Let $w' = (az_{1}, 0)$ , where $a = {r}/{|z_{1}|}$ . Then, $w'\in \partial K$ and therefore, by (3.1),

(3.2) $$ \begin{align} S_{D}^{\Omega}(z) \leq \Big(\min_{w\in \partial K}\tanh [c_{\Omega}(z, w)]\Big)^{m} \leq (\tanh [c_{\Omega}(z, w')])^{m}. \end{align} $$

It is easy to see that $\mathbb {D}^{2}(0, ({1}/{v})^{1/m})\subseteq \Omega $ . By the decreasing property of the Carathéodory metric,

(3.3) $$ \begin{align} (\tanh c_{\Omega}(z, w'))^{m}\leq \bigg(\tanh c_{\mathbb{D}^{2}}\bigg(\dfrac{z}{(1/v)^{1/m}}, \dfrac{w'}{(1/v)^{1/m}}\bigg)\bigg)^{m}. \end{align} $$

By (3.2), (3.3) and (2.1),

(3.4) $$ \begin{align} S_{D}^{\Omega}(z) \leq \bigg| \dfrac{v^{1/m}z_{1}(a- 1)}{1- v^{2/m}a\overline{z}_{1} z_{1}} \bigg|^m \leq \bigg(\dfrac{v^{1/m}(r - |z_{1}|)}{1- v^{2/m}r|z_{1}|}\bigg)^{m}. \end{align} $$

Note that

(3.5) $$ \begin{align} \bigg(\dfrac{v^{1/m}(r - |z_{1}|)}{1- v^{2/m}r|z_{1}|}\bigg)^{m} < r^{m} \end{align} $$

for $|z_{1}|> \eta = {r(v^{1/m}-1)}/{v^{1/m}(1-r^{2}v^{1/m})}$ . By (3.4) and (3.5),

(3.6) $$ \begin{align} S_{D}^{\Omega}(z) \leq S_{D}^{\Omega}(0) \end{align} $$

for $z = (z_{1}, 0)\in \mathbb {D}^{2}(0, r)\cap H$ with $|z_{1}|> \eta $ . Observe that $\eta < r$ because $r < ({1}/{v})^{1/m}$ . Let the maximum of $S_{D}^{\Omega }(z)$ for $z = (z_{1}, 0)\in \mathbb {D}^{2}(0, r)\cap H$ and $|z_{1}| \leq \eta $ be attained at some $\xi \in \overline {\mathbb {D}(0, \eta )}$ . Then,

(3.7) $$ \begin{align} S_{D}^{\Omega}(z) \leq S_{D}^{\Omega}(\xi) \end{align} $$

for $z = (z_{1}, 0)\in \mathbb {D}^{2}(0, r)\cap H$ with $|z_{1}| \leq \eta $ . By (3.6) and (3.7),

$$ \begin{align*}S_{D}^{\Omega}(z) \leq \max(S_{D}^{\Omega}(0), S_{D}^{\Omega}(\xi))\end{align*} $$

for all $z\in \mathbb {D}^{2}(0, r)\cap H$ . This implies that $S_{D}^{\Omega }\vert _{\mathbb {D}^{2}(0, r)\cap H}$ does not satisfy the maximum principle.

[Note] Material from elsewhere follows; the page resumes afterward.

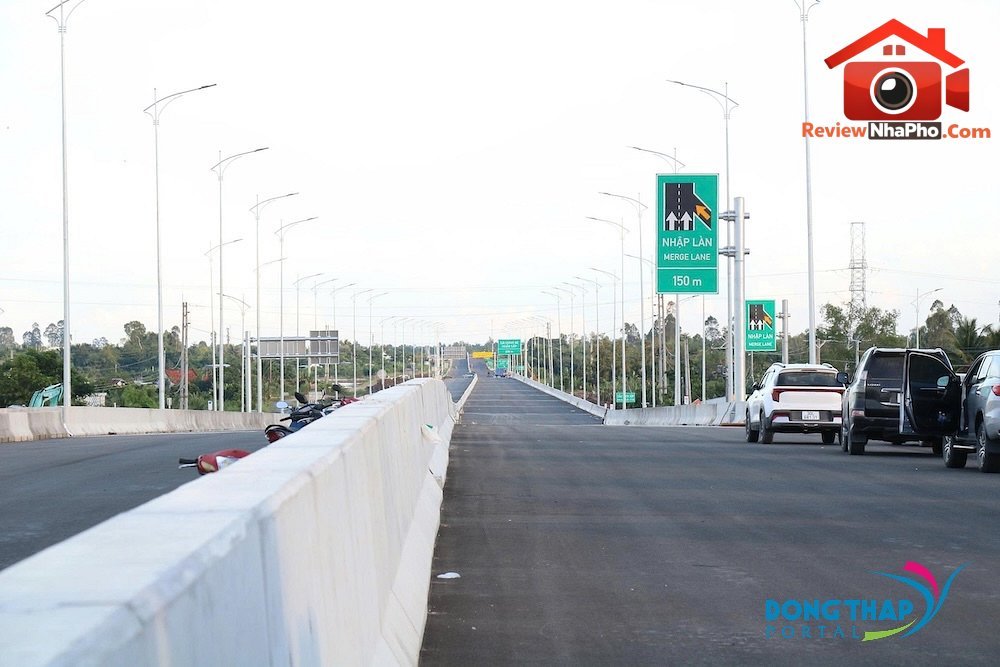 Tin vui cho người dân Đồng Tháp: Cao tốc hơn 27km sắp về đích, giảm tải cho Quốc lộ 30- Ảnh 2. Tin vui cho người dân Đồng Tháp: Cao tốc hơn 27km sắp về đích, giảm tải cho Quốc lộ 30- Ảnh 2.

Hence, $S_{D}^{\Omega }$ is not plurisubharmonic.

Let us now assume that $m < 1$ . Similarly, as argued above, by Theorem 2.3(3),

$$ \begin{align*} S_{D}^{\Omega}(z) \leq s\bigg| \dfrac{v^{1/m}z_{1}(a- 1)}{1- v^{2/m}a\overline{z}_{1} z_{1}} \bigg|^m \leq s\bigg(\dfrac{v^{1/m}(r - |z_{1}|)}{1- v^{2/m}r|z_{1}|}\bigg)^{m}. \end{align*} $$

Note that

$$ \begin{align*} s\bigg(\dfrac{v^{1/m}(r - |z_{1}|)}{1- v^{2/m}r|z_{1}|}\bigg)^{m} < r^{m} \end{align*} $$

for $|z_{1}|> \eta ' = {r(v^{1/m}s^{1/m}-1)}/{v^{1/m}(s^{1/m}-r^{2}v^{1/m})}$ . This implies that

(3.8) $$ \begin{align} S_{D}^{\Omega}(z) \leq S_{D}^{\Omega}(0) \end{align} $$

for $z = (z_{1}, 0)\in \mathbb {D}^{2}(0, r)\cap H$ with $|z_{1}|> \eta '$ . Observe that $\eta ' < r$ because $r < ({1}/{v})^{1/m}$ . Let the maximum of $S_{D}^{\Omega }(z)$ for $z = (z_{1}, 0)\in \mathbb {D}^{2}(0, r)\cap H$ and $|z_{1}| \leq \eta '$ be attained at some $\xi ' \in \overline {\mathbb {D}(0, \eta ')}$ . Then,

(3.9) $$ \begin{align} S_{D}^{\Omega}(z) \leq S_{D}^{\Omega}(\xi') \end{align} $$

for $z = (z_{1}, 0)\in \mathbb {D}^{2}(0, r)\cap H$ with $|z_{1}| \leq \eta '$ . By (3.8) and (3.9),

$$ \begin{align*}S_{D}^{\Omega}(z) \leq \max(S_{D}^{\Omega}(0), S_{D}^{\Omega}(\xi'))\end{align*} $$

for all $z\in \mathbb {D}^{2}(0, r)\cap H$ . This implies that $S_{D}^{\Omega }\vert _{\mathbb {D}^{2}(0, r)\cap H}$ does not satisfy the maximum principle. Hence, $S_{D}^{\Omega }$ is not plurisubharmonic.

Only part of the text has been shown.